Basically, in today's terms, I was a buggy whip maker.
The labour shortage hereabouts is extraordinary and extreme. We have employers beating at our door, as we are one of the most reliable sources of by definition unemployed people looking for a job. Here in Calgary, you walk into a 7-11 or Safeway or pretty much any warehouse, you have hands on the ends of your arms and can minimally communicate, you have a job. You have only one hand on the end of an arm, you have limited English, well you still probably have a job.
I feel this particularly acutely myself, as an employer.
I have a staff of a little over 40, and could use another, I don't know, at least five if not ten. Can't find them. I pay better than most of my competitors, I offer humane conditions and decent benefits, as most of my competitors don't, and I still can't find them. Recently, I've taken to poaching, stealing staff from other employers. I haven't yet offered a signing bonus, but its getting pretty close. I've also had to hire people I really wasn't very enthusiastic about. Well, they had hands on the ends of their arms, what can I say?
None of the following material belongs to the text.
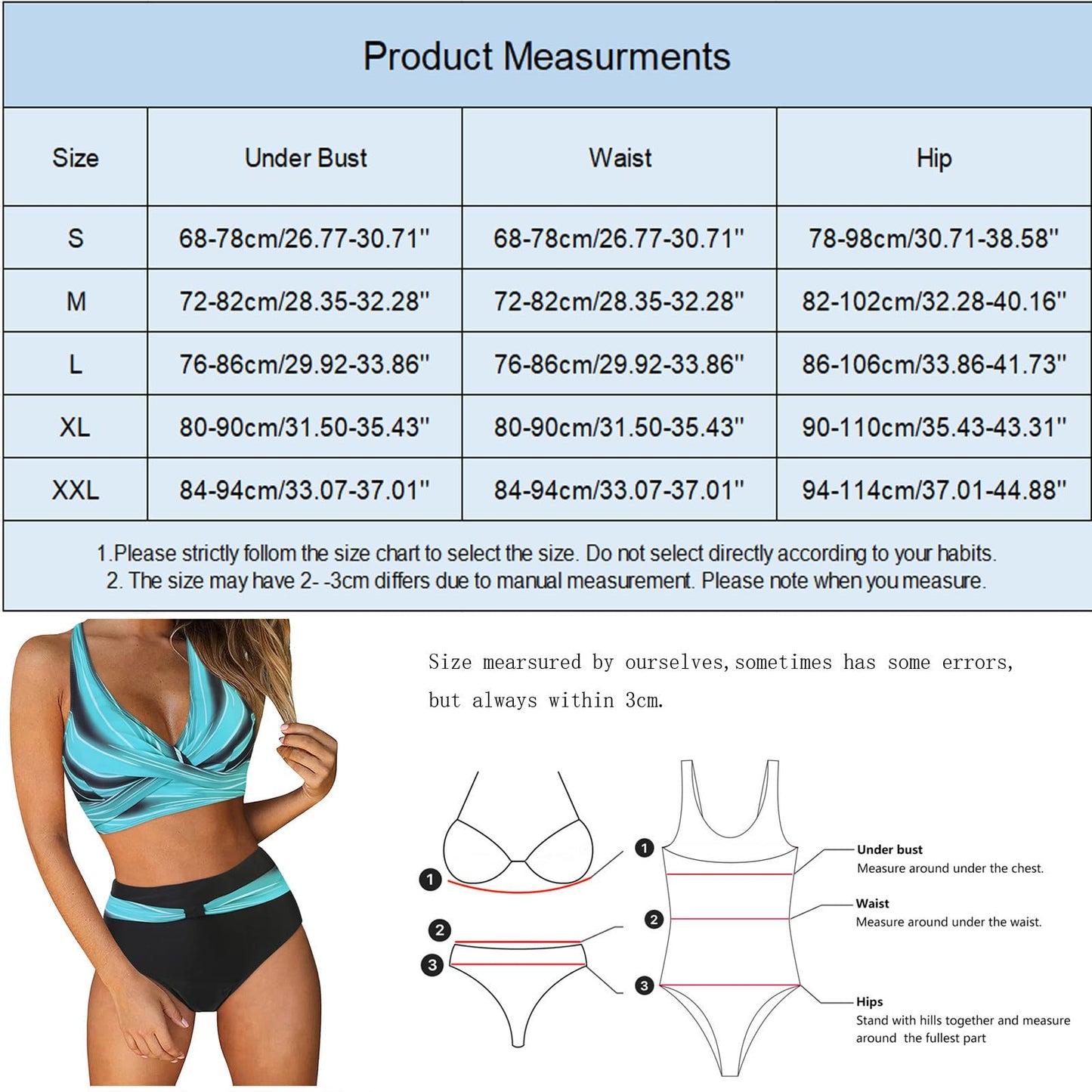 tummy control one piece swimsuit tummy control sporty print piece print strapless swimwear bathing suits swimsuits bikini sets Hot Pink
Everything I hear from the demographers tells me this isn't going to change any time soon. its the whole 90s IT scram on an economy wide basis. I don't think we've thought through all the implications. Here are some of my guesses:
- I think traditionally low-paid, inherently un-automatable service jobs are going to start getting a whole heck of a lot more respect and pay.
- I think that we are going to start having to pay a good deal more for a lot of stuff, particularly anything labour intensive that can't be shipped off-shore.
- I think that the rising tide is finally going to start really lifting the working class boats-- higher service prices represent a significant wealth distribution downwards.
- I think that my sector is going to start being perceived as a lot more valuable to the Canadian economy than anytime since say 1904.
- I think that while this will be nice, I don't really care. If it was the right thing to do in 1987, it's the right thing to do now.